I always find value in interpreting someone’s situation in a novel or unexpected way, because let’s face it, looking at it from many points of view is probably better than just looking at it from one. In English Literature, I’d like to give a D7 answer in Secondary School ( although it might well give me an expulsion or A+ answer at the Univerisity level. ) Needless to say, I try to avoid the Humanities when studying for anything after secondary school.

Recently, someone shared a story of a financially independent single male in his 40s and I kicked the hornet’s nest by declaring that he is weak. Some folks supported my thesis but quite a few disagreed with me. I thought I would pen some thoughts on financial independence and argue that it is completely possible to be a big fat ass loser in spite of your financial independence.

A) Honesty and Deceit

I think this is a genuine problem FI folks face. This FI dude has to lie about his status because people either do not understand him or might take advantage of him. I think honesty is not the best solution as well because very few people may understand how the process works and some folks do come from families where there are relatives who are always out to take advantage of you.

There are some answers that are not completely honest that does not involve deceit. 

Calling yourself a private investor is one. Another is saying that you are on a sabbatical but do not know when you can recover from mid-life crisis or burnout. 

My solution is to go to law school, which eliminates not just this problem but the other two which I will explain below. 

B) Loneliness

This section deserves a philosophical lesson of its own. 

Some things have ameliorative value - they meet crucial needs in society. An engineering, finance or law degree has amerliorative value, it earns you a living and performs a crucial service to others. Society just needs legal advice even though I expect a lot of executives to hate dealing with lawyers in
the workplace ( I know, because I studied law because I want to give myself legal advice and stop being led on a wild-goose chase at work ).  Some things have existential value - they do not meet crucial needs but may provide meaning to a person’s life. A degree in the Arts, Philosophy or Literature or some personal hobbies have immense existential value. 

Your financial know-how and discipline are skills with ameliorative value, but they not contain very much existential value. You can derive existential value from Hobbies, Great literature and Art but getting into the right cryptocurrency at the right time will not make your life meaningful or deal with your intense loneliness.

To deal with loneliness, you need to hang out with other people. But more importantly, you need to be interesting enough for others to want to hang out with you, which comes back to appreciating things with existential value. 

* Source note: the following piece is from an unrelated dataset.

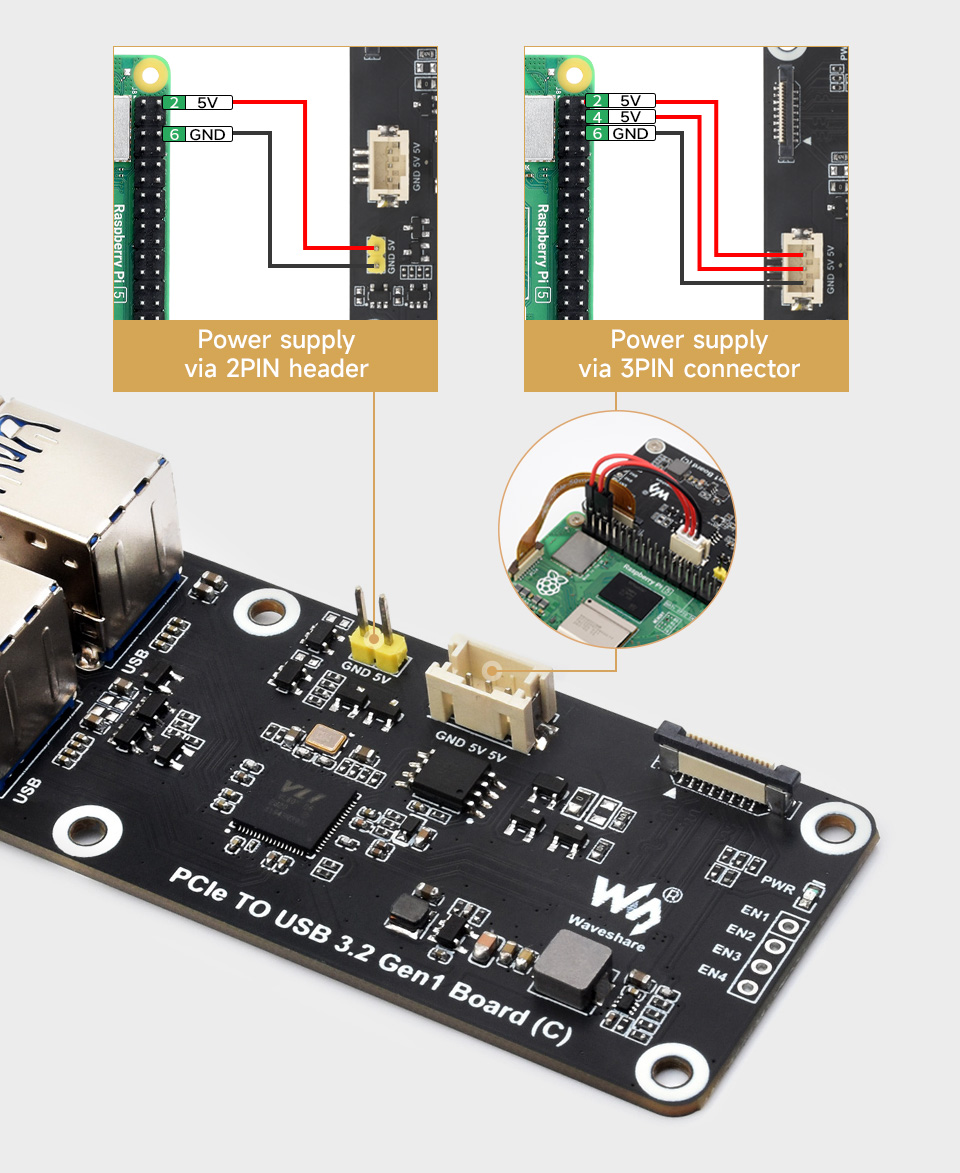 PCIe to 4-ch USB3.2 Gen1 Board (C), supports two power supply methods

And in my portfolio of existential assets, a large part of it is invested in Dungeons and Dragons. I should add that fantasy role-playing is on a huge bull run all thanks to Stranger Things and live-streaming. 

C) Lack of structure in your life

I think this problem does not plague those who FI-ed by personal exertion because you need to lead a pretty structured life to attain your independence at a reasonable age. It is a serious problem for those who inherited their money because they simply do not understand what it means to accumulate wealth on their own so they drift endlessly from moving into one silly and pointless project to another.

It is this point that hits FI losers the hardest. 

You have already won a battle that perhaps 95% of the population would lose in Singapore, and yet you have no structure in your life, might even have problems engaging with other people, and boring as fuck.

But unlike 95% of the population, you can’t blame it on lack of wealth, networking contacts or family support.

The problem lies genuinely with you.

Anyway, I just want to impress upon the FIRE community in Singapore that in light of our successes in Personal Finance, we can still become losers so a does of humility will be helpful when we deal with those who have yet to complete the FI journey. 

Perhaps, with our newfound financial resources we can double up and put in more effort into promoting our hobbies. And achieve the next step in our personal evolution - Existential Independence.